Data block ->

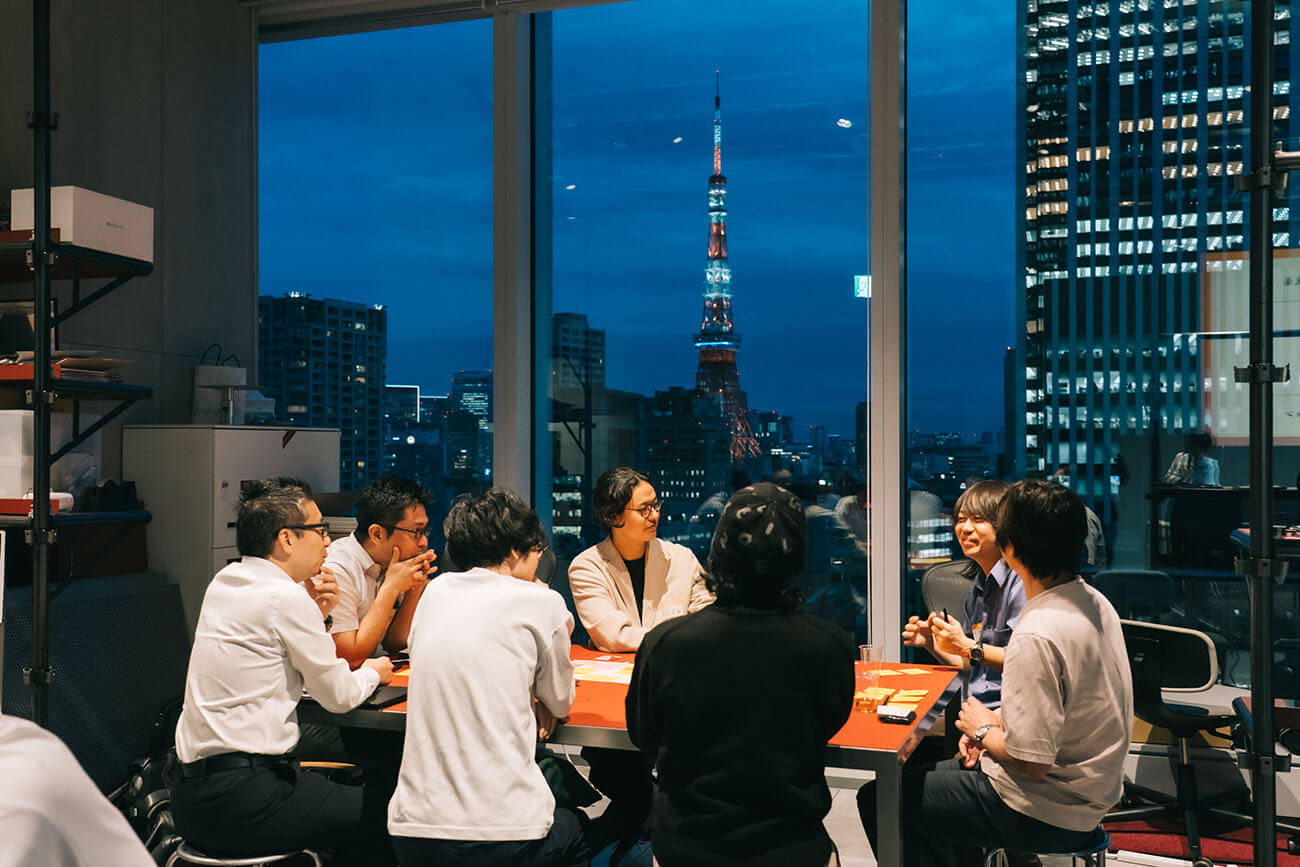 オープンディスカッションでの、ひとつのテーブルでの一幕を捉えた写真。男性参加者の話をグループ一同で聞きいいっている様子。背景には、夜になった都会の風景に東京タワーが聳え立っている。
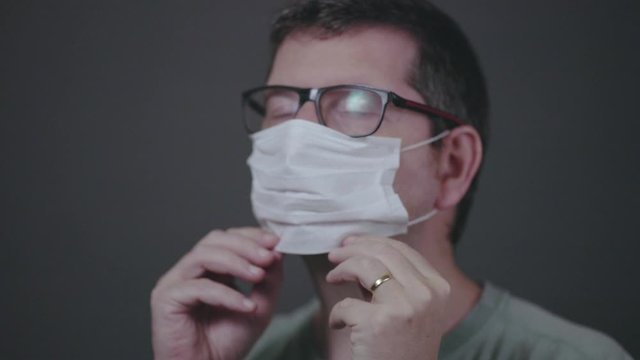 Sideways view of caucasian male with glasses putting on a surgical medical face mask, securing it correctly covering mouth and nose and taking it off. Studio shot 60fps clip in normal speed.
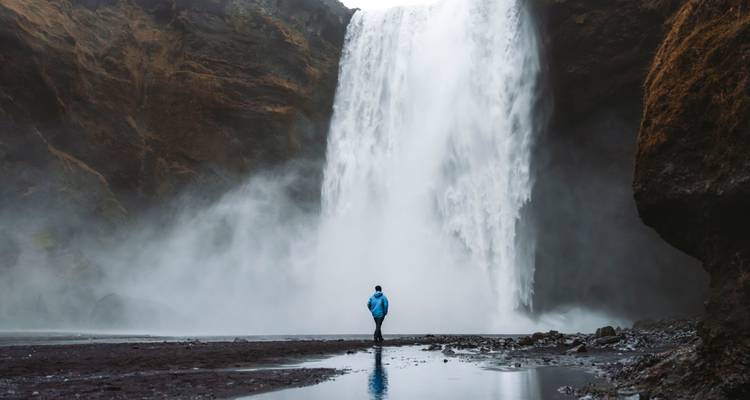 Eenzame reiziger staat vol ontzag voor het bulderende gordijn van waterval Skógafoss gehuld in mist
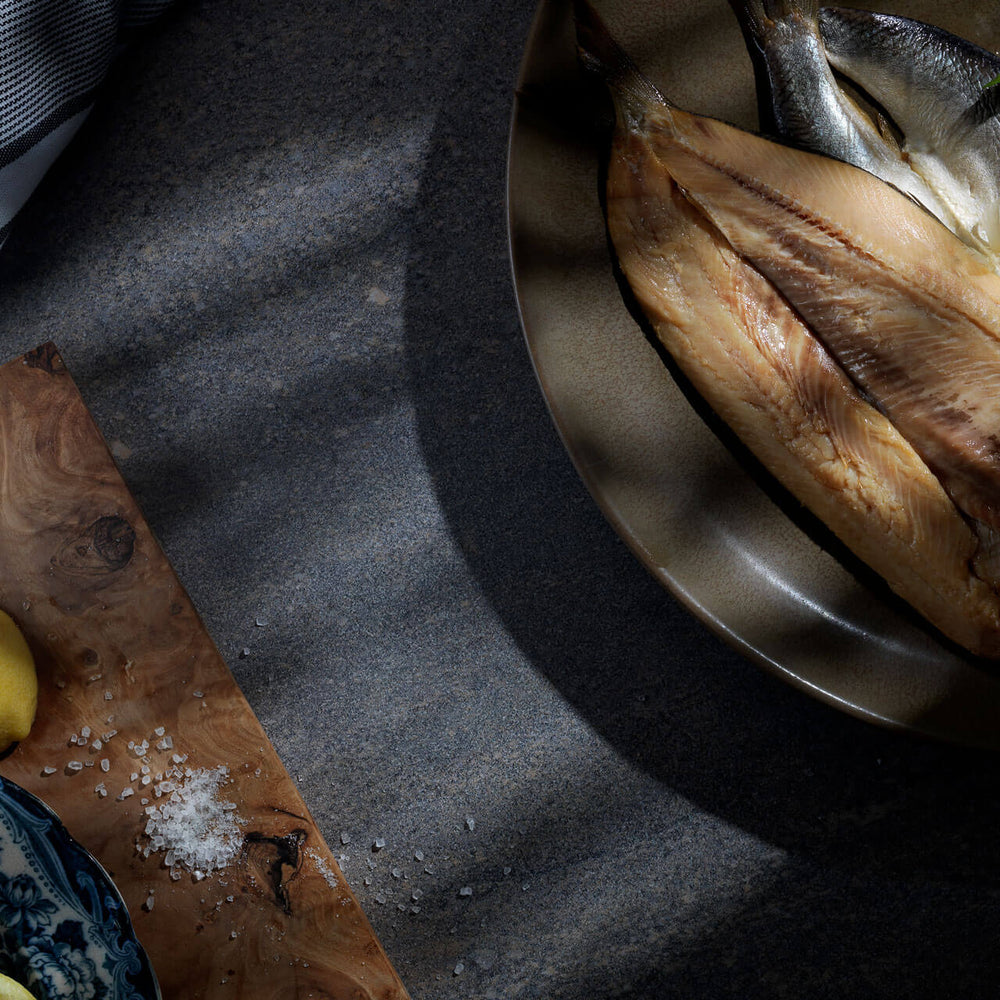 Jaffy's gently smoked kippers presented beautifully on a plate ready for serving with fresh lemon wedges.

Work to be completed -> Find the line with "Eenzame reiziger staat" in the listing above, then write it out along with every later line through the last one, exactly, omitting pictures.

Exercise solution ->
 Eenzame reiziger staat vol ontzag voor het bulderende gordijn van waterval Skógafoss gehuld in mist
 Jaffy's gently smoked kippers presented beautifully on a plate ready for serving with fresh lemon wedges.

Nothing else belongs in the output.